Mas, não é só isso. Na mesma região, outra firma foi beneficiada com o desvio de verbas do orçamento secreto. Esta é mais escandalosa ainda pois está em nome de Jair Balduíno de Souza, um beneficiário do auxílio emergencial. A empresa foi agraciada com um contrato de R$ 9 milhões para a “venda” de caminhões de lixo no ano passado. Não é à toa que o senador Randolfe Rodrigues chamou este esquema de bolsolão do lixo e pediu investigação.

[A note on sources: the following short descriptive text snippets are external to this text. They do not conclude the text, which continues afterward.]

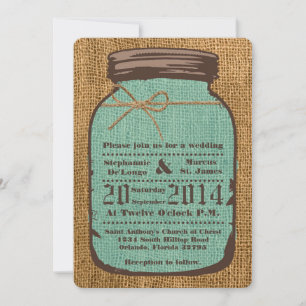 5x7 Mason Jar Burlap Country Wedding Invitation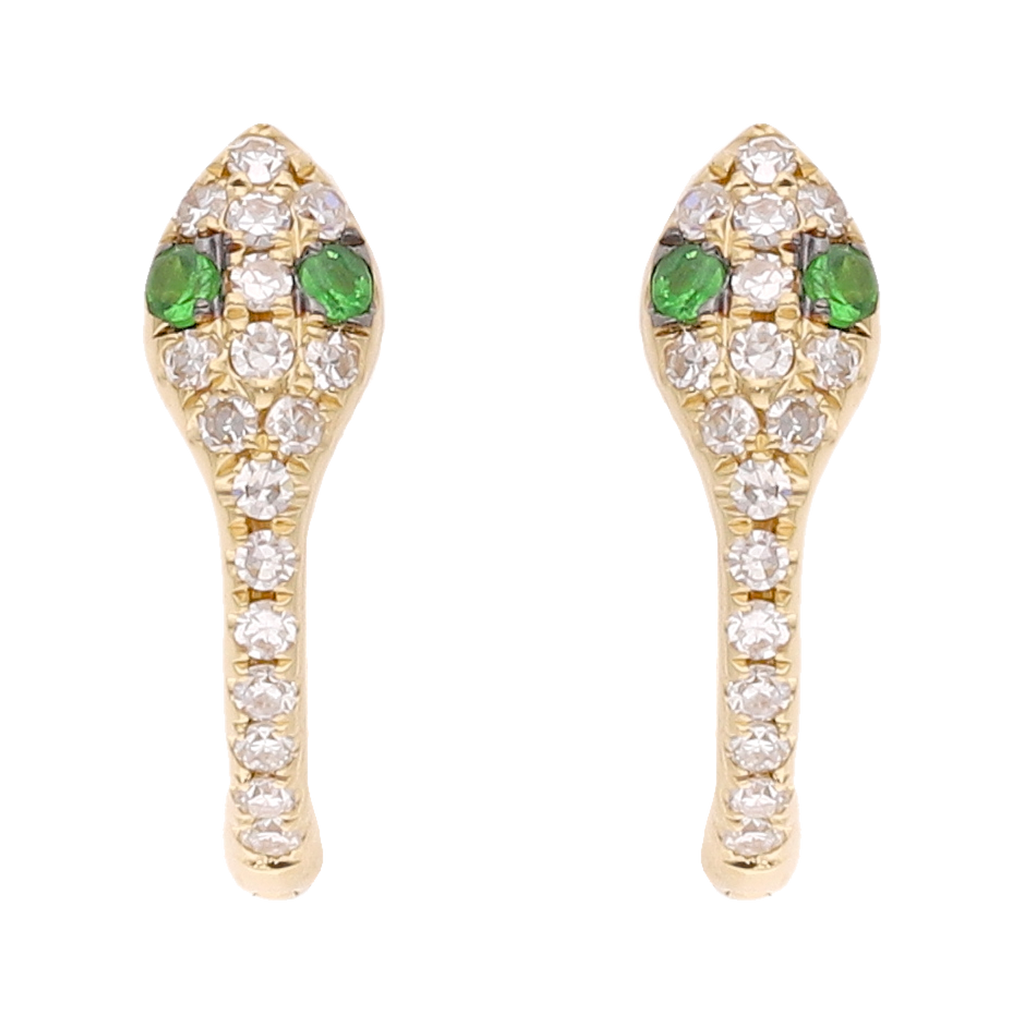 Huggies serpiente esmeralda/rubí y diamantes 14K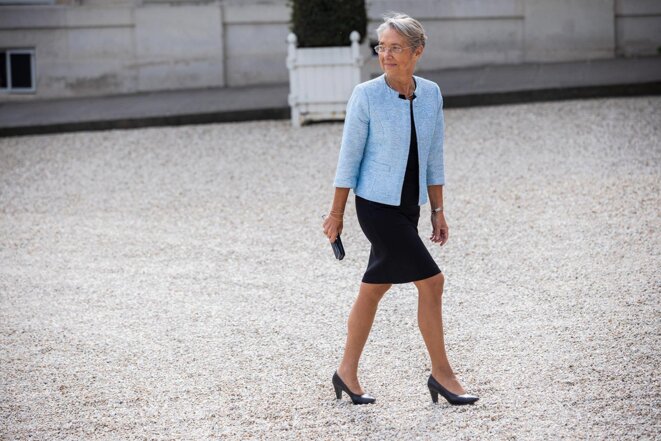 Élisabeth Borne, au palais de l’Élysée lors de la cérémonie d’investiture d’Emmanuel Macron, le 7 mai 2022. © Photo Sébastien Calvet / Mediapart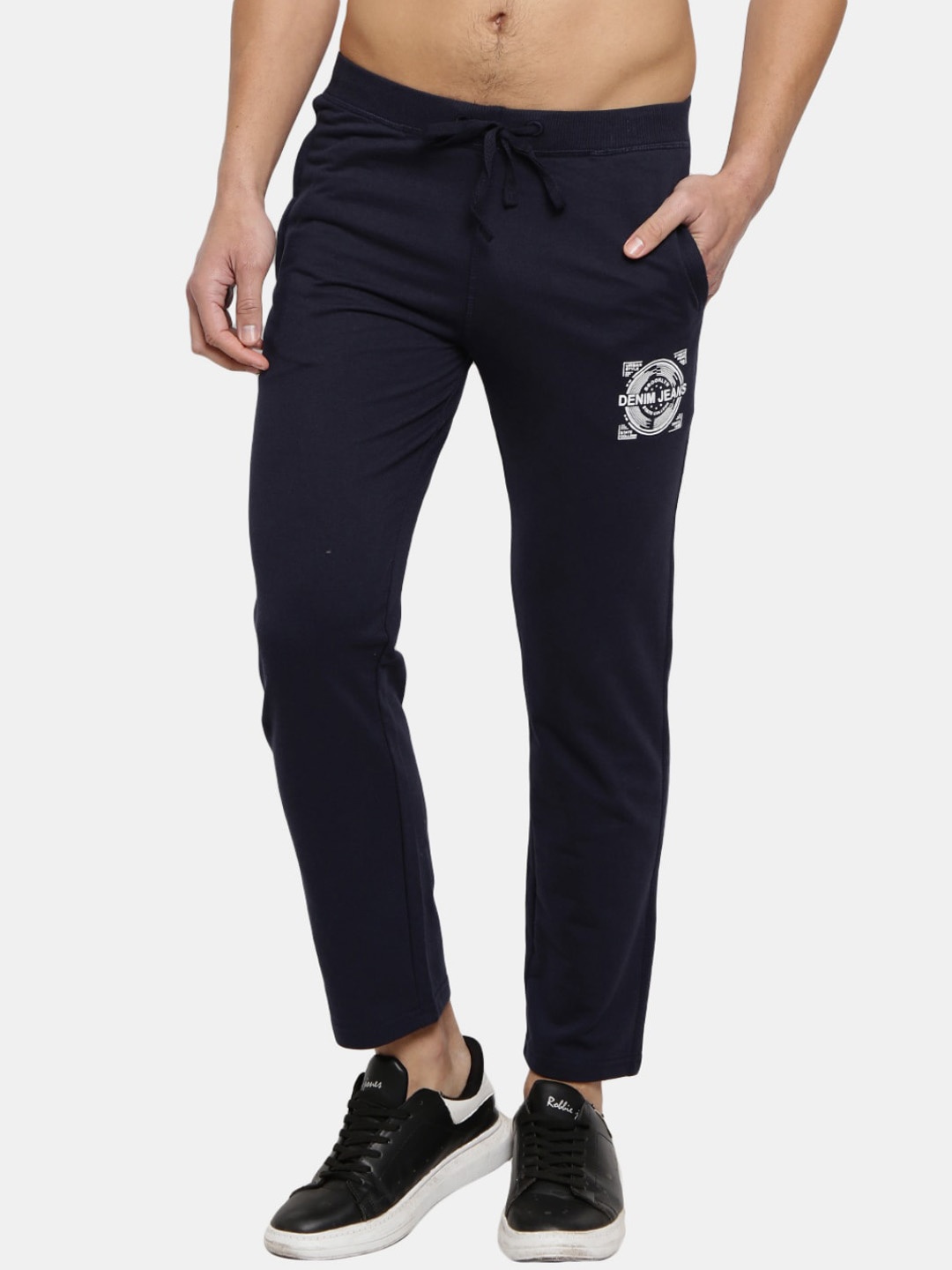 

V-Mart Men Navy Blue Solid Cotton Track Pants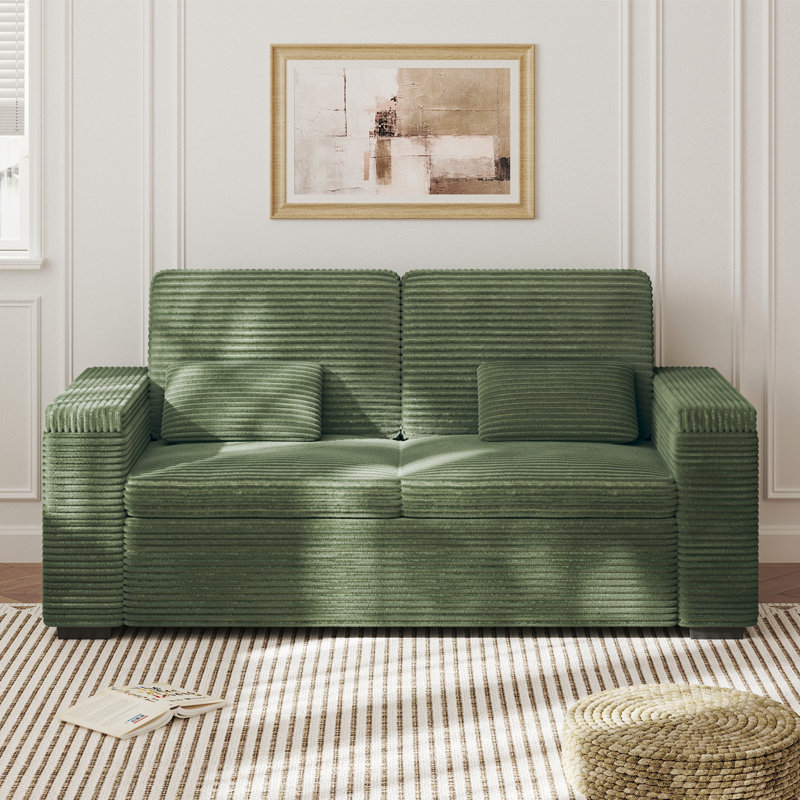 Modern 71-inch 2-seater corduroy sofa with two-arm storage enhances your living space, Green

As duas empresas fantasmas, que dividem escritório em Goiânia, estão na lista dos principais fornecedores de caminhões de lixo para a Codevasf, em valores acima do mercado. Elas são arapucas que vendem caminhões de lixo para o governo com preços superfaturados. Num dos casos, o governo aceitou pagar a uma delas até R$ 85,6 mil a mais pelo mesmo caminhão comprado dois meses antes por um valor menor.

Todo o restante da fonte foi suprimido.